Freedom of expression, prohibition of war propaganda and of advocacy of national, racial or religious hatred


448. With reference to those issues, members of the Committee wished to know whether the Government had taken any decision to prohibit, through legislation, the dissemination of racist propaganda and, if so, what provisions such legislation contained. Members also wished to receive additional information on the status and composition of the Australian Press Council and the procedure for the renewal of broadcasting licences. They also wished to know about the Australian Broadcasting Corporation's policy of neutrality and asked whether it could be challenged before the Australian Broadcasting Tribunal or the courts.


449. In his reply, the representative of the State party said that his Government had some difficulty with any proposals that would restrict freedom of speech and had, accordingly, maintained a reservation to article 19 of the Covenant. The whole issue of restricting freedom of expression had been examined by the former Human Rights Commission and was under active consideration at the federal level. Applications for the renewal of broadcasting licences were considered at a public inquiry by the Australian Broadcasting Tribunal, which inquired, in particular, into the applicant's record with respect to the fair presentation of public issues. The Australian Broadcasting Corporations's policy of neutrality, which consisted of presenting opposing points of view, was protected by legislation and bolstered by tradition. The Corporation did not come under the jurisdiction of the Tribunal. The Australian Press Council was a voluntary body composed of managers of the leading newspapers and its role was to consider complaints from the public and to guard against offensive reporting.

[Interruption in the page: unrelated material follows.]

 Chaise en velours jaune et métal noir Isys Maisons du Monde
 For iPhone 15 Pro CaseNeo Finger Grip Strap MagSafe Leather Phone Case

Freedom of assembly and association


450. With reference to that issue, members of the Committee requested clarification of the legal situation on peaceful assembly in Australia and asked whether it was consistent with the Government's obligations under the Covenant. They also asked for an elaboration of the circumstances which led to the deregistration of the Builders Labourers' Federation and inquired whether there was nay judicial remedy in cases where an industrial union was deregistered and what measures had been taken to prevent abuse of laws relating to freedom of association.


451. In his reply, the representative of the State party explained that under common law the rights of peaceful assembly and freedom of association could be exercised, subject only to restrictions based on public order and public safety. Statutory provisions required the organizers of public assemblies to notify the public authorities of proposed assemblies and processions and to enable those authorities to object to or prohibit such assemblies in the interest of public order. The scope for judicial, and administrative review of such decisions varied from State to State. In certain respects, the laws of the States could be amended to bring them more closely into line with the Covenant. Regarding the deregistration of the Builders Labourers' Federation, the Australian Conciliation and Arbitration Commission had found that the Federation had, on numerous occasions, committed fundamental breaches of industrial agreements and of undertakings given to the Industrial Registrar, employers, the Minister of Employment and Industrial Relations and the Commission itself. Deregistration did not restrict freedom of association at all, since the position of trade unions even outside the industrial system - outside the Australian conciliation and arbitration system - was fully guaranteed under law. Deregistration simply removed the privilege of taking part in the arbitration system. It was always possible for actions to be challenged in the courts and, in the case of the Builders Labourers' Federation, several such challenges had in fact been made, all of them unsuccessfully. The Commonwealth Crimes Act had never been used against trade unions, even in extreme circumstances, and had not led to any infringement of rights.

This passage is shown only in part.